Ru wears wigs and hats:
Sometimes it seems that producer Ru and host Ru are at odds. For example, during this week's final judging, when Ru invited the girls to talk shit about each other and they did, Ru shut it down with, "We're going to have to move beyond this." I thought, Why? Why move beyond this? This is the shit two-part episodes or made of. Maybe judge Martha Wash had a hard out. Whatever the reason, I'm sure Ru the producer kind of wanted to say, "Scratch what I just said about moving beyond this. Let's load a fresh tape, and keep on saying horrible things to each other."

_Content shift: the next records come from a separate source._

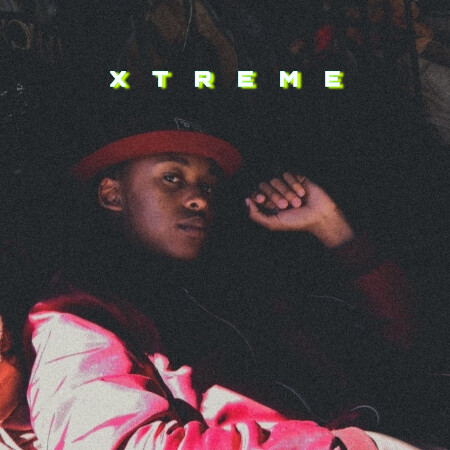 SoloTo profile picture for @xtreme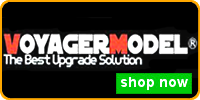 Voyager Models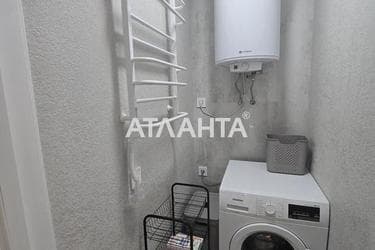 3-комнатная квартира по адресу Фонтанская дор. (площадь 68 м²) - Atlanta.ua - фото 54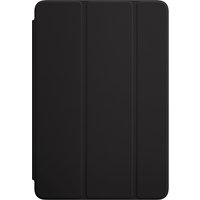 Smart Cover iPad mini Retina schwarz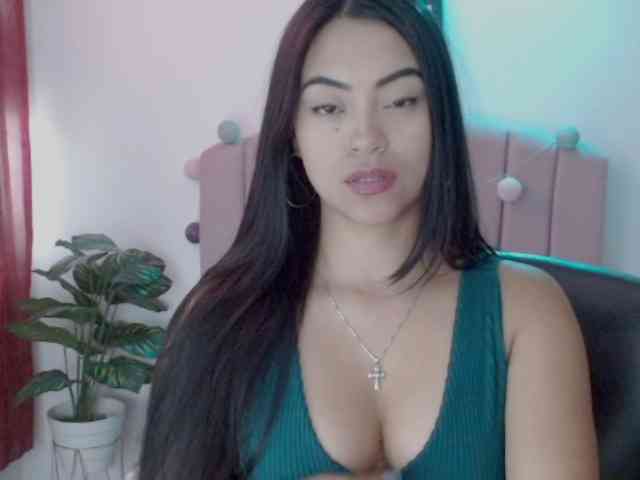 Natalybu webcam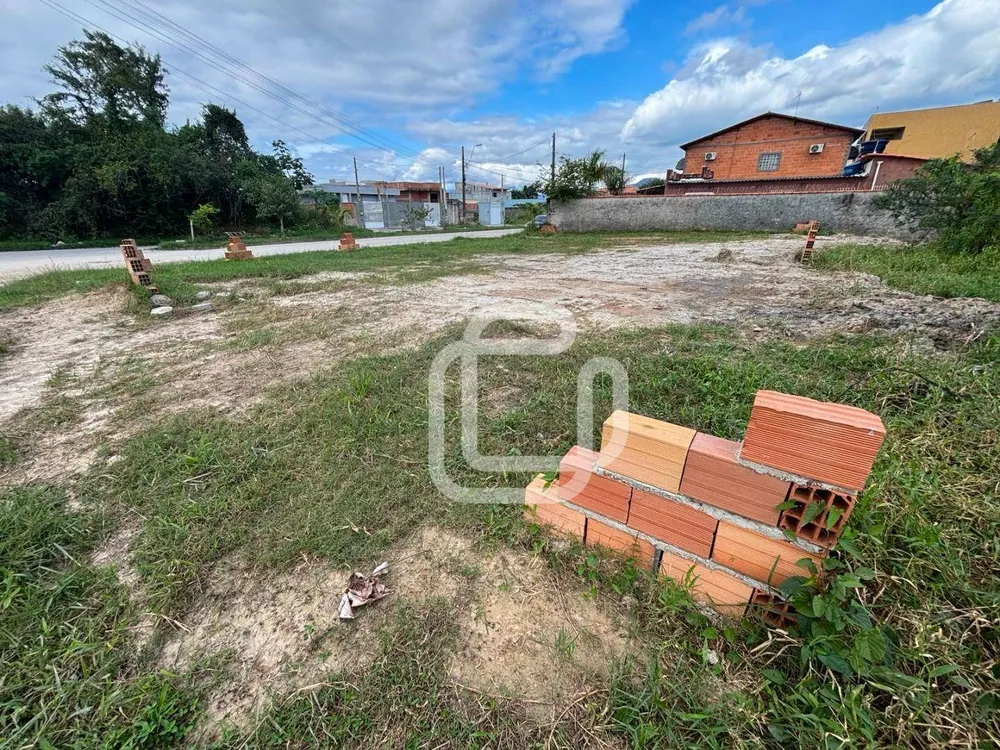 Terreno, 360 m² - Foto 2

Tricks aren't just for kids:
Back in the late '80s, I used to work as a dancer, like on cruise ships and stuff. I know. It was as glamorous as you would imagine. Well, any time I went to a dance audition in those days, and there were gymnasts there doing tumbling passes, I knew I was fucked. Folks like to see other folks flip and shit. They just do.

This seems to hold true on the Ru runway, as well. In the final lip sync showdown, it came down to Sahara and Morgan. Sahara, a trained dancer who wore a tutu and pointe shoes, did more tricks and got to stay while Morgan was told to sashay away. Because nothing says "I want this" more than doing a jeté leap off the stage right into the splits.